Early on, Affirmative Action provided a glimpse of the problems with unprepared students going to college, in that poorly prepared black students were admitted to universities to fulfill racial quotas, and either failed out or faced an overwhelming hurdle just trying to catch up with their fellow classmates, who were selected based on high test scores and grade point averages.
The hard truth is that college is not for everyone. And you don’t have to have a college degree to be successful in life or to get a good-paying job. Well-trained technicians are always in high demand, and that is where many of the resources need to be focused.
High schools around the country should begin to offer courses designed to prepare those who are unlikely to attend colleges or universities for work in the industrial fields, instead of the one-size-fits-all approach. Auto mechanics, heating and cooling repair, construction work are all respectable jobs for young people to desire and there is a need across the nation for those types of workers.
Perhaps we should look at an optional extra two years added to the high school curriculum that would only teach advanced technical opportunities, similar to the current trade school set-ups. These programs should focus on the trades suited to their particular area. I would imagine large industries would also be willing to provide grants and monies to the programs, if they would be able to reap the benefits of skilled workers available to them upon graduation.

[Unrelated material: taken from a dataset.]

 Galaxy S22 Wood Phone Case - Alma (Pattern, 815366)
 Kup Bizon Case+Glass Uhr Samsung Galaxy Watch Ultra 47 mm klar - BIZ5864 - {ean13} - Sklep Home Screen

One of the highest costs of most industries is training and re-training a skilled work force.
This would also have the most benefit to the lower-income segment of the population, arguably the ones that most need assistance, and give many a realistic hope of escaping the poverty and despair that has plagued their families for generations.
And it not necessarily has to be confined to the technical aspect, as service industries are always looking for skilled shift managers in restaurants, hotels and motels, and retail. Service management training could also be included for those inclined to work in these areas.
Student loan debt is quite a burden for today’s graduates, but the fact they were willing to work hard to achieve the degree shows they have the discipline necessary to overcome the debt, over a period of time.
A better investment would be to lift the lower-income students out of poverty by assisting them to get good-paying jobs, live in better neighborhoods with better schools that will prepare their children to attend college when the time is right.
If you need evidence that it will work, that is exactly what our parents did back in post-war times. End the cycle of poverty by providing work to young people, and the cost of college will take care of itself.